Other than the common risks of mergers and acquisitions such as building a joint organization, there are several challenges to face.

One is that many ForgeRock customers are still using legacy on-premises solutions, and many also have customized the solution significantly, baking it, for instance, into their digital services. Evolving from there will become more challenging than it is for other COTS solutions. This requires offerings involving well-thought-out migration paths with both technical and consulting support.

As always, communicating a strong strategy, a well-thought-out roadmap, and a migration path that simplifies migration for existing customers and allows them to migrate at their own pace (within boundaries) is key to success.

Another specific risk is the pace of the competition. In each market Ping Identity and ForgeRock are playing, there is fierce competition. Thus, the combined entity will need to move fast with strategy and roadmap and execute on these plans, to not give room to their competitors.

The market impacts

While Ping Identity and ForgeRock are well-known players in the broader IAM space, they are facing strong competition.  In addition to established vendors such as Broadcom (which acquired identity products from CA Technologies), Oracle, IBM, SAP, RSA, and others that are strong in large enterprises, there are many specialist vendors across all market segments Ping Identity and ForgeRock play in.

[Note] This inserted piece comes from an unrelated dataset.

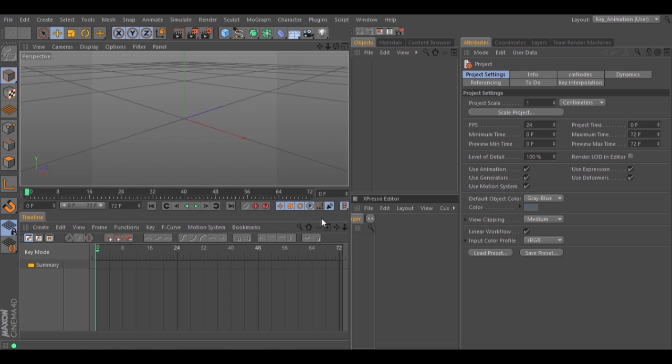Hello, in this tutorial I will show you how to create animations without any keyframes. So let's start.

Specific competitors to watch are Okta and Microsoft, with Microsoft 365 present in a majority of organizations, involving also Entra ID. Both have strong offerings competing directly with the Ping Identity and ForgeRock portfolios, and both are significantly larger than the new, combined entity.  In addition, privileged access management leader CyberArk has recently expanded into access management, and the space is also seeing a major influx of new entries, including a fast-growing customer identity company Transmit Security.

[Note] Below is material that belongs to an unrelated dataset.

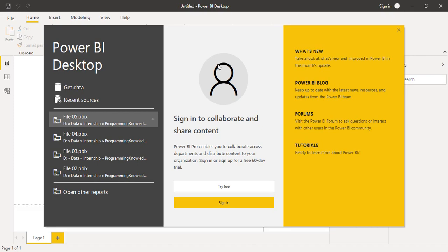Hello everyone, welcome back to the Power BI tutorials. In this video we are going to see how we can use the Power Query Editor to merge different tables into one another. We have taken some tables in Excel, spanning across different Excel sheets, and we are going to see how we can merge them all into one using the Power Query Editor, which is a part of Power BI.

Thus, it will be essential for Ping Identity to demonstrate innovativeness beyond merging portfolios but also delivering some breakthrough innovation. Ping Identity has built the foundation with their previous acquisitions. Even then, the combined entity will face fierce competition.

Conclusion & recommendations

The combination of Ping Identity and ForgeRock shows potential. Ping Identity is well-advised to focus on breakthrough innovation and thinking beyond the established state of IAM, also to differentiate from their competitors.

End users, as common at such stages, are best advised to keep calm until further information about strategy, roadmaps, and the future product portfolio are released.